4.        V. texto da decisão.

(cf. n.° 58)

5.        As patentes europeias concedidas em conformidade com as regras da Convenção sobre a Patente Europeia, assinada em Munique em 5 de outubro de 1973 (CPE), não conferem uma proteção uniforme nos Estados contratantes nesta Convenção, mas asseguram, em cada um desses Estados, uma proteção cujo alcance é definido pelo direito nacional. Em contrapartida, a patente unitária prevista na Decisão 2011/167, que autoriza uma cooperação reforçada no domínio da criação da proteção de patente unitária, confere uma proteção uniforme no território de todos os Estados‑Membros que participem na cooperação reforçada.
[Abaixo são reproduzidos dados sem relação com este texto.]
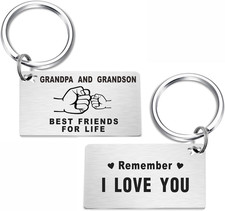 Grandpa Father'S Day Gifts from Grandson, Remember I Love You Grandpa Keychain K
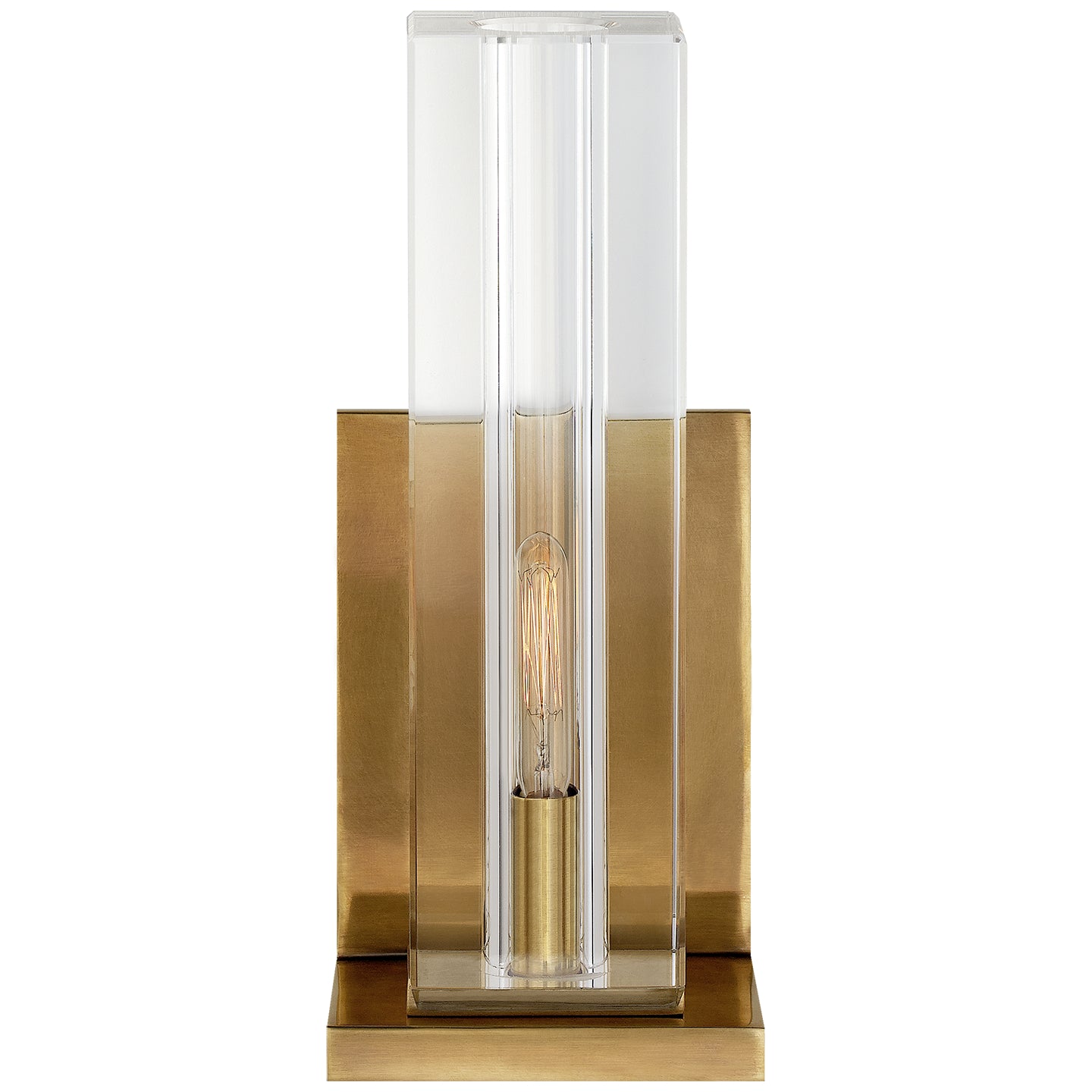 Load image into Gallery viewer, Visual Comfort Signature - S 2944CG/HAB - One Light Wall Sconce - Ambar - Crystal and Hand-Rubbed Antique Brass
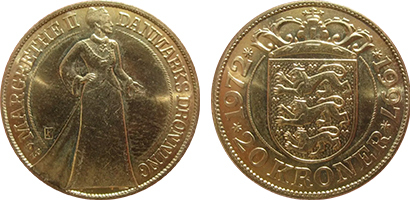 20 corone (Giubileo d'argento del regno di Margherita II)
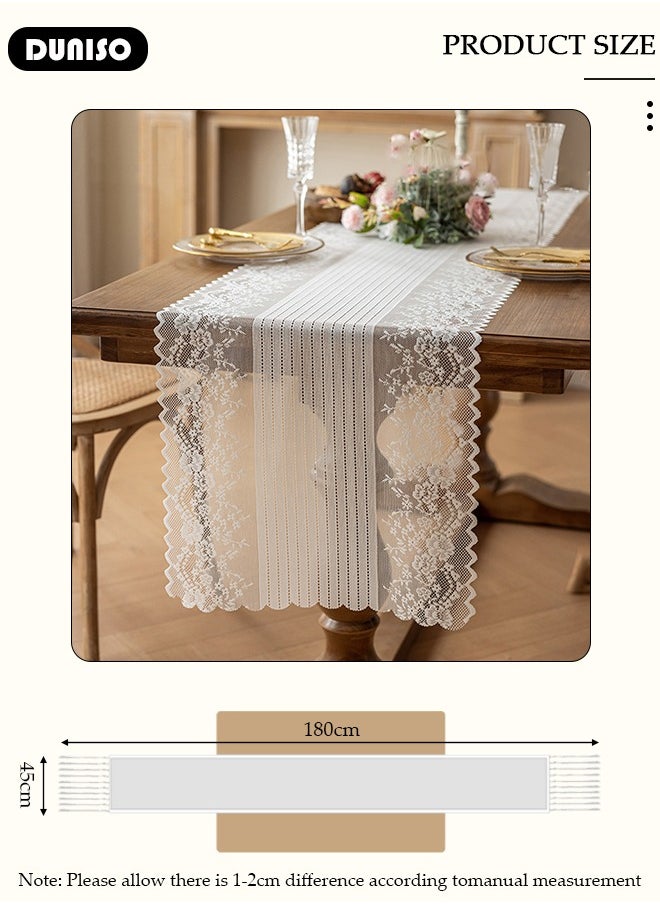 DUNISO White Lace Table Runner, Vintage Lace Fabric Table Runner , Embroidery Elegant Table Runner with Vintage Floral Pattern Design for Wedding Party, Holiday, Home, Dinner, Kitchen, Tables(45*180 cm)  - Image 4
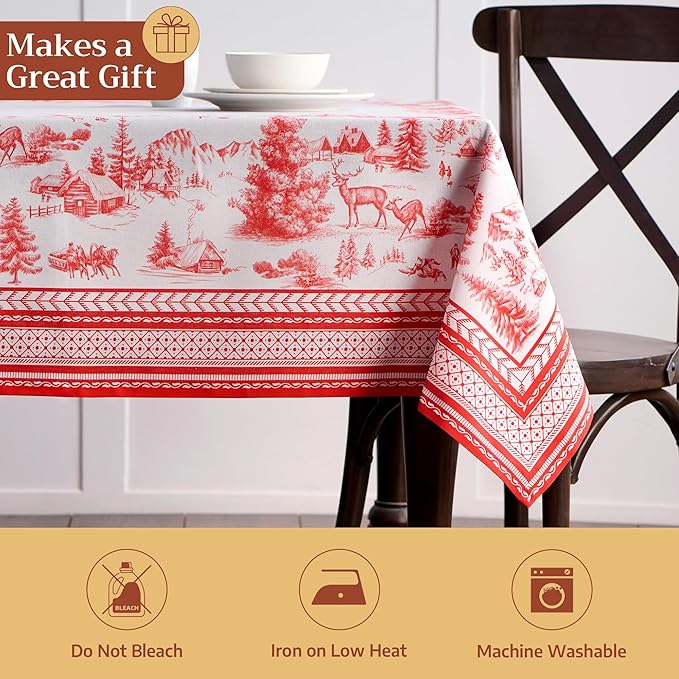 Maison d' Hermine Table Cloth Rectangle Table 100% Cotton 70 x 140 Inches Fall Tablecloth Reusable Everyday Use for Thanksgiving Christmas Decorations Dining Farmhouse Party (Winter Jouy)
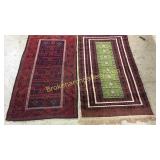 2 Vintage Persian Throw Rugs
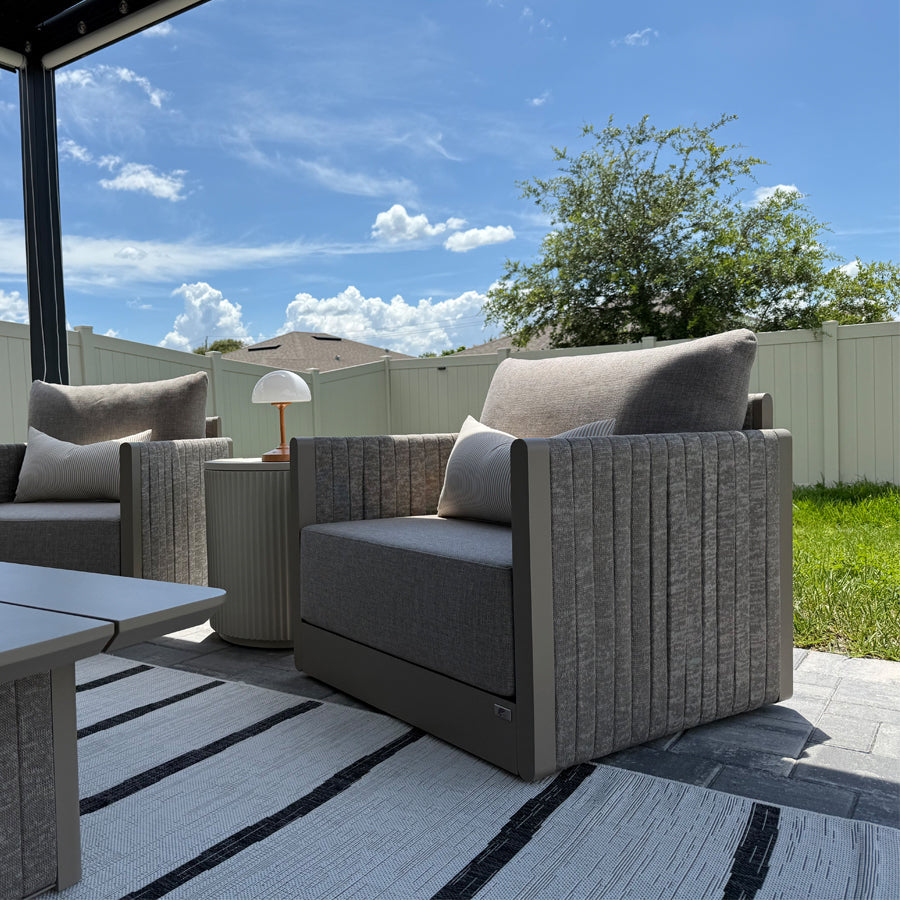 PURPLE LEAF Sanori Classical – Ensemble salon de terrasse beige sans table avec coussins pour terrasse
Assim, a proteção conferida por esta patente unitária não traz benefícios em termos de uniformidade e de integração em relação à situação resultante da aplicação das regras previstas na CPE.

(cf. n.os 62, 63)

6.        É inerente ao facto de a competência atribuída pelo artigo 118.° TFUE para estabelecer títulos europeus de propriedade intelectual ser exercida a título da cooperação reforçada que o título europeu de propriedade intelectual assim criado, a proteção uniforme que confere e os regimes que o acompanham estejam em vigor não em toda a União, mas unicamente no território dos Estados‑Membros participantes. Longe de constituir uma violação do artigo 118.° TFUE, esta consequência decorre necessariamente do artigo 20.° TUE, que enuncia, no seu n.° 4, que os atos adotados no âmbito de uma cooperação reforçada vinculam apenas os Estados‑Membros participantes.